[What is needed]
Retype the full set of records. Keep every character identical.

[Provided information]
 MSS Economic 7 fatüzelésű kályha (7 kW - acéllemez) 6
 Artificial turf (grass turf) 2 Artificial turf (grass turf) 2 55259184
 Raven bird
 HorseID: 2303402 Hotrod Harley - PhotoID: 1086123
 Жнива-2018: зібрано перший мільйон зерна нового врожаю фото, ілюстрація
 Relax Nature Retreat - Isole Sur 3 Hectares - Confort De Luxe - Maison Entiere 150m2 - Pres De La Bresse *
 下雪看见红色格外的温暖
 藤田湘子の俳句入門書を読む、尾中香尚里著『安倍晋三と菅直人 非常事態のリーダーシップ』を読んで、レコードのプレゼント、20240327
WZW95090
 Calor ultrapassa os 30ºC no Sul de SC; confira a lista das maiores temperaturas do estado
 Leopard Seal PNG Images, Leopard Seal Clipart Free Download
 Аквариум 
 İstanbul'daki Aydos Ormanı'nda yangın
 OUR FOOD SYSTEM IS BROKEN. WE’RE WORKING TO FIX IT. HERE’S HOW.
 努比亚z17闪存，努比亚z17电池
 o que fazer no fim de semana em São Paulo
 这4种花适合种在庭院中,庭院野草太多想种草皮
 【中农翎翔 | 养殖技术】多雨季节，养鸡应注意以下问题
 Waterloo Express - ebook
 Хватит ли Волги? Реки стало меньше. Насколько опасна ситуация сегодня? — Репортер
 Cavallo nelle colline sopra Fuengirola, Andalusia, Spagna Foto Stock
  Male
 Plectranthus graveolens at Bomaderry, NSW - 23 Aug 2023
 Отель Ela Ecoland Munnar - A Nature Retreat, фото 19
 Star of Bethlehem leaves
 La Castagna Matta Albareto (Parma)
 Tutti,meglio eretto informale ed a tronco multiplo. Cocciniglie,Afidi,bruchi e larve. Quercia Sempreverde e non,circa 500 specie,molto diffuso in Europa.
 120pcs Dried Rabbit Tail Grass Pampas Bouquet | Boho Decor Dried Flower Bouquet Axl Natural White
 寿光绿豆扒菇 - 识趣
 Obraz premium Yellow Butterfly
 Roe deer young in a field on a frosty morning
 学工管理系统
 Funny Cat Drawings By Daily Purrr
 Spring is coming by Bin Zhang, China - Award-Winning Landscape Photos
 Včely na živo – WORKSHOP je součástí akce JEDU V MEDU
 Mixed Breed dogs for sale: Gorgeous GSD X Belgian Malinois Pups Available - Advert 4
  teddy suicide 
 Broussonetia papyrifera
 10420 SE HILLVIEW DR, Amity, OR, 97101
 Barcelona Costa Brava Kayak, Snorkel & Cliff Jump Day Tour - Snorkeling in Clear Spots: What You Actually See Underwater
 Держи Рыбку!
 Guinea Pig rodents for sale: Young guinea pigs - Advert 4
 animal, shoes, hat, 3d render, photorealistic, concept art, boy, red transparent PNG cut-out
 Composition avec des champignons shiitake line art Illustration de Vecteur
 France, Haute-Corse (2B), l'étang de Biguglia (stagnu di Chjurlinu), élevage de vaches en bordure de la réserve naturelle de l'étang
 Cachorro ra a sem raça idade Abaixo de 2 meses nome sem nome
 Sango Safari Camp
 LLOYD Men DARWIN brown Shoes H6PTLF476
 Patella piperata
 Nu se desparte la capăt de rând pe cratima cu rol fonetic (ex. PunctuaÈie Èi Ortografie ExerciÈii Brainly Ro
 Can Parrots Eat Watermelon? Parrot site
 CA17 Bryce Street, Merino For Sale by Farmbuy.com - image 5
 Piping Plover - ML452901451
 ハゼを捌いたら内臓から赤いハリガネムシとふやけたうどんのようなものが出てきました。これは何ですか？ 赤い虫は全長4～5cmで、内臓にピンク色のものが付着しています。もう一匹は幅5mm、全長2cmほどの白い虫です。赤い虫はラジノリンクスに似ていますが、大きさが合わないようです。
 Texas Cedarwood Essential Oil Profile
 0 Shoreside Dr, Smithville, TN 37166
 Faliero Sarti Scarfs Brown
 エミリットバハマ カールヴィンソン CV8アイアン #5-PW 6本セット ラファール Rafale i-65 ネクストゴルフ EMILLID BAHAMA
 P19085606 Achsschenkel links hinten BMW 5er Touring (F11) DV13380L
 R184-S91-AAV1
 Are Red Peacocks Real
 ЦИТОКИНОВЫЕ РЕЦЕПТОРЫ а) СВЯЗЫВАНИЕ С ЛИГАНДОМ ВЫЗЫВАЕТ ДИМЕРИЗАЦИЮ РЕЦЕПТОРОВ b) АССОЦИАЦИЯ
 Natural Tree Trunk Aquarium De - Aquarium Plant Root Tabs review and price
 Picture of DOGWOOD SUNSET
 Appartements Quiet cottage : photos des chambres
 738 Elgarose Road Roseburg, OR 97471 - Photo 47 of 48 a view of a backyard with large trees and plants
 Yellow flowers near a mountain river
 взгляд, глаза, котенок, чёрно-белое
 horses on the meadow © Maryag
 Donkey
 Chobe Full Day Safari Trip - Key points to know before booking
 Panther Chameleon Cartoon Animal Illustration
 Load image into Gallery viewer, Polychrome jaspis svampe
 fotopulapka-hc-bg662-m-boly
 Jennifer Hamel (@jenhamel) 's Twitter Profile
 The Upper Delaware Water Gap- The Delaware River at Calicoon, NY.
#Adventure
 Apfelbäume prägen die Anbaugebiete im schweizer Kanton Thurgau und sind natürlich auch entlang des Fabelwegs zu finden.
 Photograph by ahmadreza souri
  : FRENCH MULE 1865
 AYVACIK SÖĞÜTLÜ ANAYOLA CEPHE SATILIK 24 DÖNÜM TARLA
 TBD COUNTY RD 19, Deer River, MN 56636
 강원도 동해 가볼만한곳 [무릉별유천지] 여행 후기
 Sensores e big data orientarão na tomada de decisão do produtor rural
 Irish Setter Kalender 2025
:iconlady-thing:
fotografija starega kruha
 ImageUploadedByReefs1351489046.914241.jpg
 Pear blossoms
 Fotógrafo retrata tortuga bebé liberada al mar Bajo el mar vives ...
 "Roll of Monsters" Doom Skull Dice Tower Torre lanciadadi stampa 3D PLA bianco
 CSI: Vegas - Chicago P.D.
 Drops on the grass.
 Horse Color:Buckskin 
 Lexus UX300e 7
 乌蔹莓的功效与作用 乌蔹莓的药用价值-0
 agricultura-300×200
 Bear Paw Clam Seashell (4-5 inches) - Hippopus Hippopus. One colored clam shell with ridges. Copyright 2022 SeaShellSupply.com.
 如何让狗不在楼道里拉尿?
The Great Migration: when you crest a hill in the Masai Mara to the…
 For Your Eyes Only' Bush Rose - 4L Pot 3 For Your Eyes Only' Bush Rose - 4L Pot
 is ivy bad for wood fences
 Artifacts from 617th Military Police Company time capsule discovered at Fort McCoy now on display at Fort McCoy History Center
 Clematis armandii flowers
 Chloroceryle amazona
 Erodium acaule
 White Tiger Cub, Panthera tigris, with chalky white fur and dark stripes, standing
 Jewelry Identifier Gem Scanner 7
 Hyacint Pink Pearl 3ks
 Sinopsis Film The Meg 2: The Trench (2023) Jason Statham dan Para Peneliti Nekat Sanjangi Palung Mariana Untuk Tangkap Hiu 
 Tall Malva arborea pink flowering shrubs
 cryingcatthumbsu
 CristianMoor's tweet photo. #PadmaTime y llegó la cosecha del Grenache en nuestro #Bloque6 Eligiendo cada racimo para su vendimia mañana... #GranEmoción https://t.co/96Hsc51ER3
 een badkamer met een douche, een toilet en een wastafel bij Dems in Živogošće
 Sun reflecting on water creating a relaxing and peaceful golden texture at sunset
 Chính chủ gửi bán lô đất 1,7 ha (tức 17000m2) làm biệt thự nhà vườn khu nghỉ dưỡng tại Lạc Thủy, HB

[Response to the exercise]
 MSS Economic 7 fatüzelésű kályha (7 kW - acéllemez) 6
 Artificial turf (grass turf) 2 Artificial turf (grass turf) 2 55259184
 Raven bird
 HorseID: 2303402 Hotrod Harley - PhotoID: 1086123
 Жнива-2018: зібрано перший мільйон зерна нового врожаю фото, ілюстрація
 Relax Nature Retreat - Isole Sur 3 Hectares - Confort De Luxe - Maison Entiere 150m2 - Pres De La Bresse *
 下雪看见红色格外的温暖
 藤田湘子の俳句入門書を読む、尾中香尚里著『安倍晋三と菅直人 非常事態のリーダーシップ』を読んで、レコードのプレゼント、20240327
WZW95090
 Calor ultrapassa os 30ºC no Sul de SC; confira a lista das maiores temperaturas do estado
 Leopard Seal PNG Images, Leopard Seal Clipart Free Download
 Аквариум 
 İstanbul'daki Aydos Ormanı'nda yangın
 OUR FOOD SYSTEM IS BROKEN. WE’RE WORKING TO FIX IT. HERE’S HOW.
 努比亚z17闪存，努比亚z17电池
 o que fazer no fim de semana em São Paulo
 这4种花适合种在庭院中,庭院野草太多想种草皮
 【中农翎翔 | 养殖技术】多雨季节，养鸡应注意以下问题
 Waterloo Express - ebook
 Хватит ли Волги? Реки стало меньше. Насколько опасна ситуация сегодня? — Репортер
 Cavallo nelle colline sopra Fuengirola, Andalusia, Spagna Foto Stock
  Male
 Plectranthus graveolens at Bomaderry, NSW - 23 Aug 2023
 Отель Ela Ecoland Munnar - A Nature Retreat, фото 19
 Star of Bethlehem leaves
 La Castagna Matta Albareto (Parma)
 Tutti,meglio eretto informale ed a tronco multiplo. Cocciniglie,Afidi,bruchi e larve. Quercia Sempreverde e non,circa 500 specie,molto diffuso in Europa.
 120pcs Dried Rabbit Tail Grass Pampas Bouquet | Boho Decor Dried Flower Bouquet Axl Natural White
 寿光绿豆扒菇 - 识趣
 Obraz premium Yellow Butterfly
 Roe deer young in a field on a frosty morning
 学工管理系统
 Funny Cat Drawings By Daily Purrr
 Spring is coming by Bin Zhang, China - Award-Winning Landscape Photos
 Včely na živo – WORKSHOP je součástí akce JEDU V MEDU
 Mixed Breed dogs for sale: Gorgeous GSD X Belgian Malinois Pups Available - Advert 4
  teddy suicide 
 Broussonetia papyrifera
 10420 SE HILLVIEW DR, Amity, OR, 97101
 Barcelona Costa Brava Kayak, Snorkel & Cliff Jump Day Tour - Snorkeling in Clear Spots: What You Actually See Underwater
 Держи Рыбку!
 Guinea Pig rodents for sale: Young guinea pigs - Advert 4
 animal, shoes, hat, 3d render, photorealistic, concept art, boy, red transparent PNG cut-out
 Composition avec des champignons shiitake line art Illustration de Vecteur
 France, Haute-Corse (2B), l'étang de Biguglia (stagnu di Chjurlinu), élevage de vaches en bordure de la réserve naturelle de l'étang
 Cachorro ra a sem raça idade Abaixo de 2 meses nome sem nome
 Sango Safari Camp
 LLOYD Men DARWIN brown Shoes H6PTLF476
 Patella piperata
 Nu se desparte la capăt de rând pe cratima cu rol fonetic (ex. PunctuaÈie Èi Ortografie ExerciÈii Brainly Ro
 Can Parrots Eat Watermelon? Parrot site
 CA17 Bryce Street, Merino For Sale by Farmbuy.com - image 5
 Piping Plover - ML452901451
 ハゼを捌いたら内臓から赤いハリガネムシとふやけたうどんのようなものが出てきました。これは何ですか？ 赤い虫は全長4～5cmで、内臓にピンク色のものが付着しています。もう一匹は幅5mm、全長2cmほどの白い虫です。赤い虫はラジノリンクスに似ていますが、大きさが合わないようです。
 Texas Cedarwood Essential Oil Profile
 0 Shoreside Dr, Smithville, TN 37166
 Faliero Sarti Scarfs Brown
 エミリットバハマ カールヴィンソン CV8アイアン #5-PW 6本セット ラファール Rafale i-65 ネクストゴルフ EMILLID BAHAMA
 P19085606 Achsschenkel links hinten BMW 5er Touring (F11) DV13380L
 R184-S91-AAV1
 Are Red Peacocks Real
 ЦИТОКИНОВЫЕ РЕЦЕПТОРЫ а) СВЯЗЫВАНИЕ С ЛИГАНДОМ ВЫЗЫВАЕТ ДИМЕРИЗАЦИЮ РЕЦЕПТОРОВ b) АССОЦИАЦИЯ
 Natural Tree Trunk Aquarium De - Aquarium Plant Root Tabs review and price
 Picture of DOGWOOD SUNSET
 Appartements Quiet cottage : photos des chambres
 738 Elgarose Road Roseburg, OR 97471 - Photo 47 of 48 a view of a backyard with large trees and plants
 Yellow flowers near a mountain river
 взгляд, глаза, котенок, чёрно-белое
 horses on the meadow © Maryag
 Donkey
 Chobe Full Day Safari Trip - Key points to know before booking
 Panther Chameleon Cartoon Animal Illustration
 Load image into Gallery viewer, Polychrome jaspis svampe
 fotopulapka-hc-bg662-m-boly
 Jennifer Hamel (@jenhamel) 's Twitter Profile
 The Upper Delaware Water Gap- The Delaware River at Calicoon, NY.
#Adventure
 Apfelbäume prägen die Anbaugebiete im schweizer Kanton Thurgau und sind natürlich auch entlang des Fabelwegs zu finden.
 Photograph by ahmadreza souri
  : FRENCH MULE 1865
 AYVACIK SÖĞÜTLÜ ANAYOLA CEPHE SATILIK 24 DÖNÜM TARLA
 TBD COUNTY RD 19, Deer River, MN 56636
 강원도 동해 가볼만한곳 [무릉별유천지] 여행 후기
 Sensores e big data orientarão na tomada de decisão do produtor rural
 Irish Setter Kalender 2025
:iconlady-thing:
fotografija starega kruha
 ImageUploadedByReefs1351489046.914241.jpg
 Pear blossoms
 Fotógrafo retrata tortuga bebé liberada al mar Bajo el mar vives ...
 "Roll of Monsters" Doom Skull Dice Tower Torre lanciadadi stampa 3D PLA bianco
 CSI: Vegas - Chicago P.D.
 Drops on the grass.
 Horse Color:Buckskin 
 Lexus UX300e 7
 乌蔹莓的功效与作用 乌蔹莓的药用价值-0
 agricultura-300×200
 Bear Paw Clam Seashell (4-5 inches) - Hippopus Hippopus. One colored clam shell with ridges. Copyright 2022 SeaShellSupply.com.
 如何让狗不在楼道里拉尿?
The Great Migration: when you crest a hill in the Masai Mara to the…
 For Your Eyes Only' Bush Rose - 4L Pot 3 For Your Eyes Only' Bush Rose - 4L Pot
 is ivy bad for wood fences
 Artifacts from 617th Military Police Company time capsule discovered at Fort McCoy now on display at Fort McCoy History Center
 Clematis armandii flowers
 Chloroceryle amazona
 Erodium acaule
 White Tiger Cub, Panthera tigris, with chalky white fur and dark stripes, standing
 Jewelry Identifier Gem Scanner 7
 Hyacint Pink Pearl 3ks
 Sinopsis Film The Meg 2: The Trench (2023) Jason Statham dan Para Peneliti Nekat Sanjangi Palung Mariana Untuk Tangkap Hiu 
 Tall Malva arborea pink flowering shrubs
 cryingcatthumbsu
 CristianMoor's tweet photo. #PadmaTime y llegó la cosecha del Grenache en nuestro #Bloque6 Eligiendo cada racimo para su vendimia mañana... #GranEmoción https://t.co/96Hsc51ER3
 een badkamer met een douche, een toilet en een wastafel bij Dems in Živogošće
 Sun reflecting on water creating a relaxing and peaceful golden texture at sunset
 Chính chủ gửi bán lô đất 1,7 ha (tức 17000m2) làm biệt thự nhà vườn khu nghỉ dưỡng tại Lạc Thủy, HB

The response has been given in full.